#### Assignment
An exact copy of all the data is required, with pictures left out.

#### Records

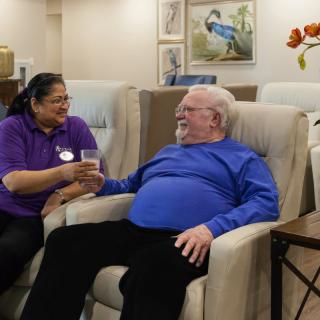 An elderly man sits comfortably in a chair while a caregiver offers him a drink, showcasing a moment of friendly interaction in a care facility.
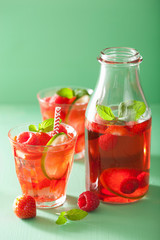 Fototapeta na wymiar summer strawberry raspberry lemonade with lime and mint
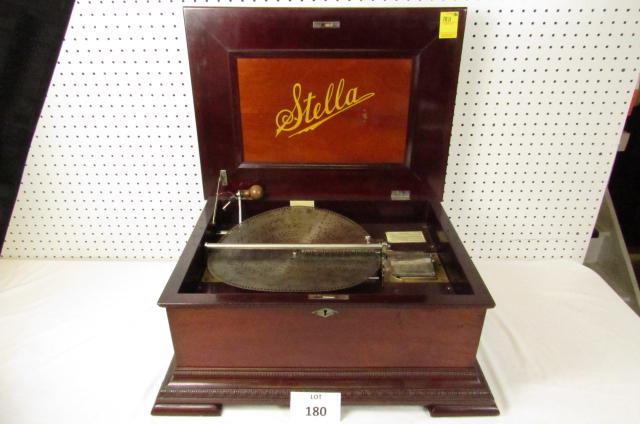 Stella disc music box: Stella 14" disc tabletop music box with one disc. Clean, working. Mahogany case with crank and cabinet key. Pick up only. We will not ship due to size and weight limitations.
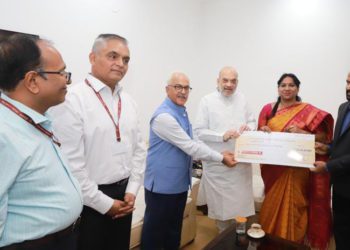 Repco Bank team presents dividend cheque to Shah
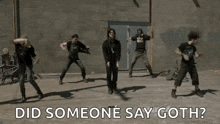 a group of people are dancing in front of a brick wall with the words " did someone say goth " above them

#### Exercise answer
 An elderly man sits comfortably in a chair while a caregiver offers him a drink, showcasing a moment of friendly interaction in a care facility.
 Fototapeta na wymiar summer strawberry raspberry lemonade with lime and mint
 Stella disc music box: Stella 14" disc tabletop music box with one disc. Clean, working. Mahogany case with crank and cabinet key. Pick up only. We will not ship due to size and weight limitations.
 Repco Bank team presents dividend cheque to Shah
 a group of people are dancing in front of a brick wall with the words " did someone say goth " above them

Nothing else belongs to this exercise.